**ACTIVITY**
Your copy should contain exactly the lines from the one that holds "How to you go" through the end of the material, reproduced as written, with no pictures.

**DATA SECTION**
━━━━━━━━

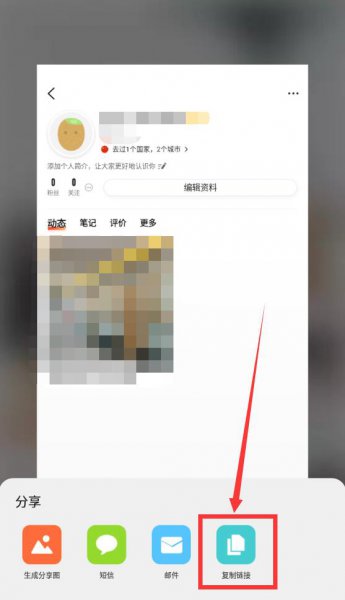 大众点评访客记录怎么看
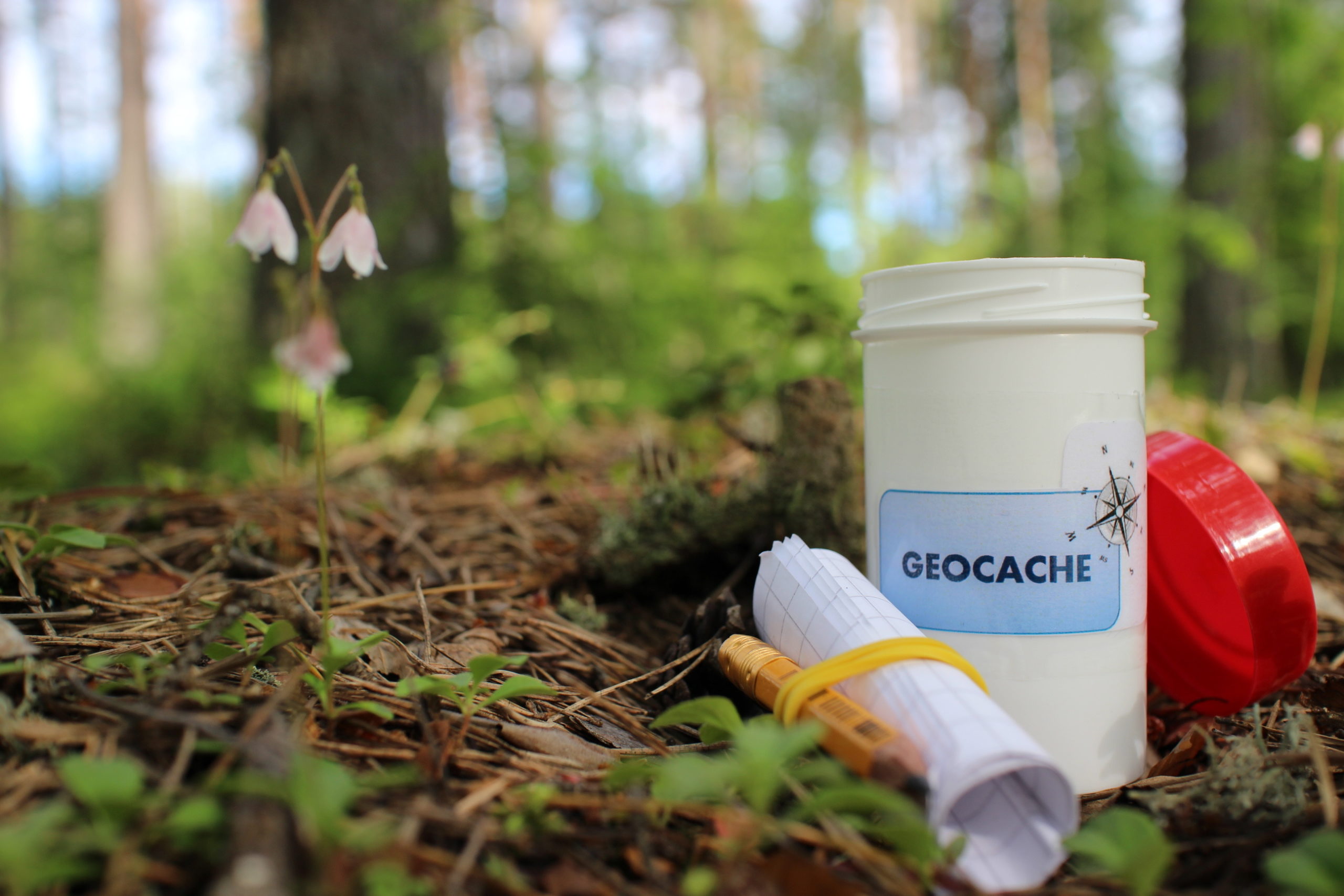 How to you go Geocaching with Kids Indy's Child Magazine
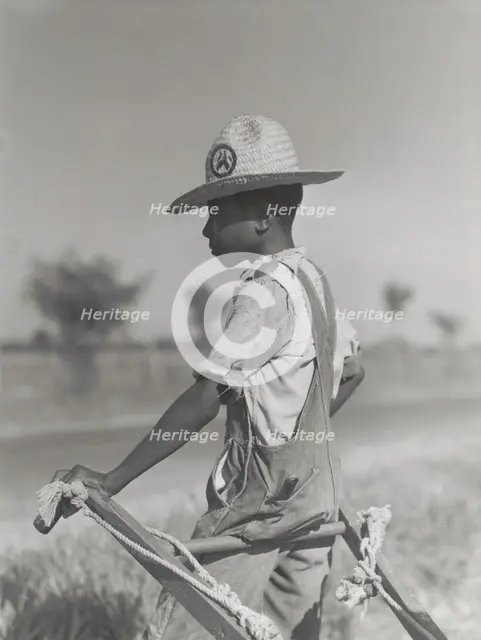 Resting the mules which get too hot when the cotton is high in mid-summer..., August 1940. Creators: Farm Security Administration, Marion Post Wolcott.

━━━━━━━━

**EXPECTED ANSWER**
 How to you go Geocaching with Kids Indy's Child Magazine
 Resting the mules which get too hot when the cotton is high in mid-summer..., August 1940. Creators: Farm Security Administration, Marion Post Wolcott.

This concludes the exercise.